Former St Vincent PM discusses Caricom benefits
The longest-serving Prime Minister of St Vincent and the Grenadines strongly encouraged Bermuda to become a full member of Caricom.
Ralph Gonsalves, who led the nation from 2001 to 2025, said countries in the Caribbean can’t tackle issues such as climate change, health or crime without working with each other and countries around the world.
He explained: “[All Caricom members] have a common history, our systems have evolved in particular ways, all of us speak European languages and there’s a geographic closeness to each of us — there are a lot of factors that predispose us to integration.”
Dr Gonsalves spoke during an episode of Caricom Conversations yesterday, hosted by Progressive Labour Party MP Christopher Famous.
He added that Caribbean countries will be “separate and inchoate” if they don’t channel shared experiences through institutions such as Caricom or the Organisation of Eastern Caribbean States.
Dr Gonsalves said Caribbean countries realised the need for “functional co-operation” when the multinational West Indies Federation collapsed in and Jamaica and Trinidad became independent from Britain, all which happened in 1962.

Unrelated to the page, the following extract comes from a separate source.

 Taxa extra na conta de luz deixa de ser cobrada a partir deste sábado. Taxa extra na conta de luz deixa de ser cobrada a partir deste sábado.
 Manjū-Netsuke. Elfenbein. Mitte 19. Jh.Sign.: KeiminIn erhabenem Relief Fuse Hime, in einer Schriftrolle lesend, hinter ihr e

Bermuda is an associate Caricom member, but the Government published a Green Paper, The Story of Us, that outlined full membership and hosted three town halls on the topic.

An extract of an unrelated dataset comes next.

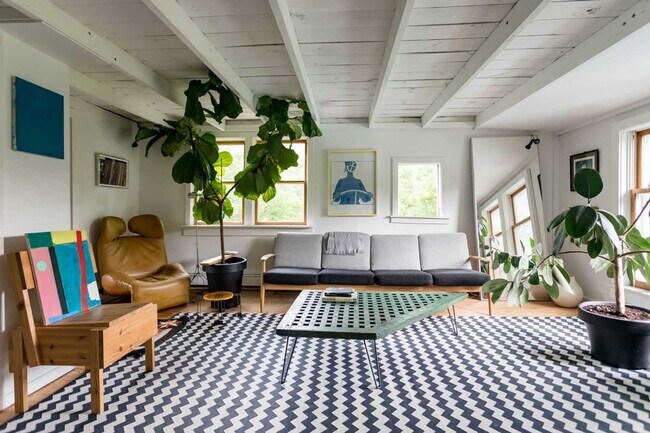 Building Photo - 16-18 Broadway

Dr Gonsalves said full Caricom membership could develop Bermuda’s financial regime.
He explained: “We are all interested in curbing money laundering and the financing of terrorism, but regulations can be made in such a manner to emasculate your financial services.
“You need support from other countries that may have a similar set of problems, even though those countries are not colonial territories, such as Barbados, Antigua, St Kitts & Nevis and the like.”
He added that difficulties within Caricom countries are addressed through the Council of Ministers for Trade and Economic Development or the Caribbean Court of Justice, but cases in some member-states can still be appealed to the Privy Council in London.
Dr Gonsalves said: “We need to be further enabling our Caribbean civilisation and need to address, in functional, institutional and structural terms, as much integration as the political market in the respective countries can bear.”
He believes successive Bermudian governments have shown interest in deepening relationships with Caribbean countries and told Bermudians who may be opposed to full Caricom membership that “nothing but good” can come from engaging deeper with the organisation.
He said: “I’m genuinely hopeful to see, in addition to where Bermuda has reached in linking institutionally with Caricom and OECS, they can go even further in building that relationship.”